Opinião: Esta é a quarta obra que leio de Ernest Hemingway, o controverso Nobel americano. Comecei por “Na Outra Margem, Entre as Árvores”, um livro dos anos 50 que considerei profundamente misógino. De seguida, li “O Velho e o Mar”, e não consegui deslindar-lhe a prometida profundidade. Foi em “O Adeus às Armas” que o autor me conquistou por fim, e agora com “Paris é uma Festa” a minha admiração pela obra de Hemingway consolida-se.
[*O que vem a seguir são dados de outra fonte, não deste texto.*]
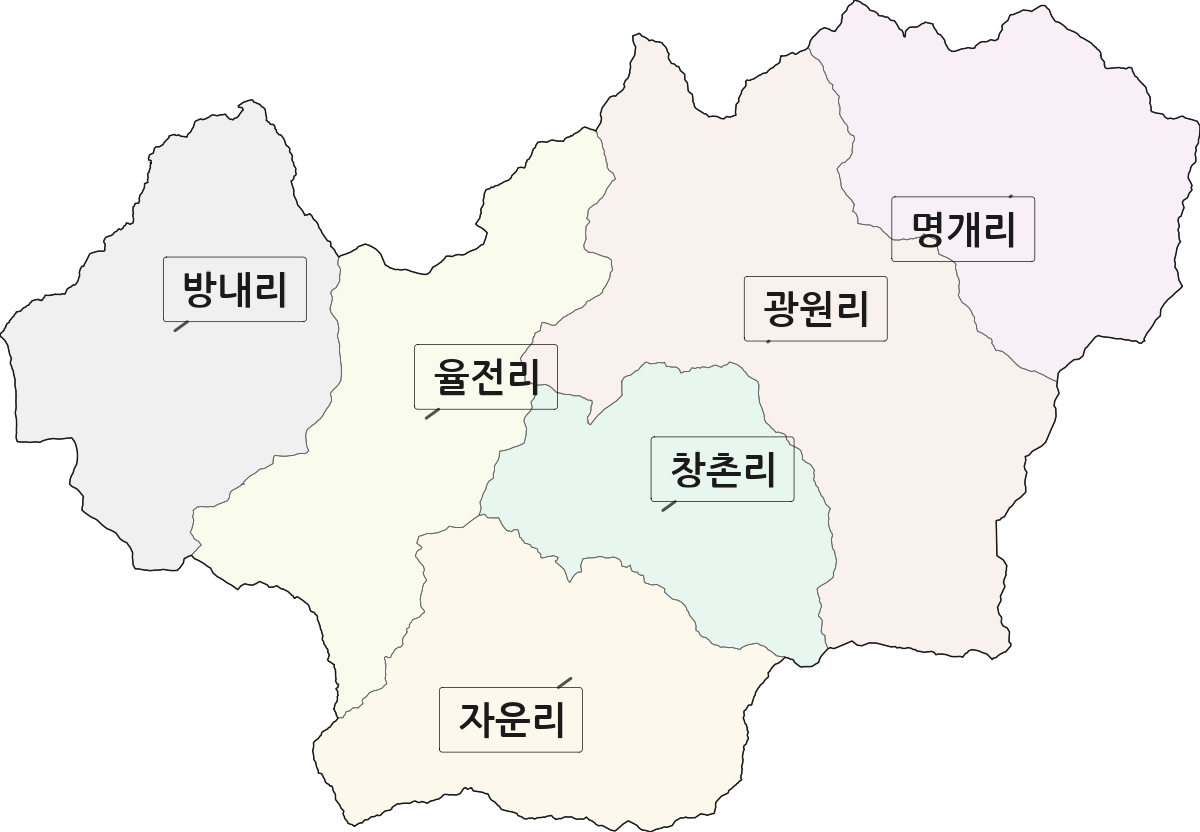 강원특별자치도 홍천군 내면 법정동 리 구분 행정구역 경계 지도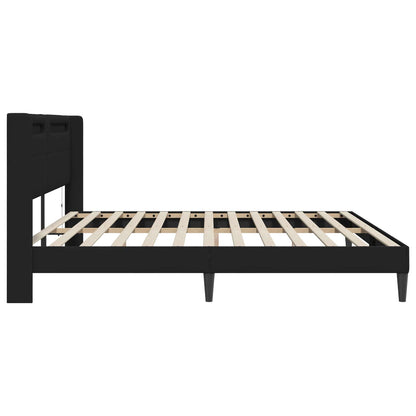 Rám Postele S Led Pásky S Čelo Černá 180 X 200 Cm Umělá Kůže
Parece-me transversal na obra de Hemingway que o autor fazia questão de escrever de um modo claro – sem demasiado palavreado e, segundo ele diz a determinada altura nesta obra, tem alguma aversão ao adjetivo – e também com muitos diálogos. Os temas são, quase sempre, relacionados com a experiência pessoal do autor. Sabemos que viveu em Cuba, e daí devolve-nos “O Velho e o Mar”. Combateu na Primeira Guerra Mundial e conta-nos a sua experiência em “O Adeus às Armas”. Viveu em Paris nos anos 20, onde se cruzou com inúmeras figuras de relevo no campo das artes, e este livro, meio crónica, meio romance, permite-nos acompanhá-lo na sua rotina de escritor pelas esplanadas de uma das cidades mais inspiradoras do mundo.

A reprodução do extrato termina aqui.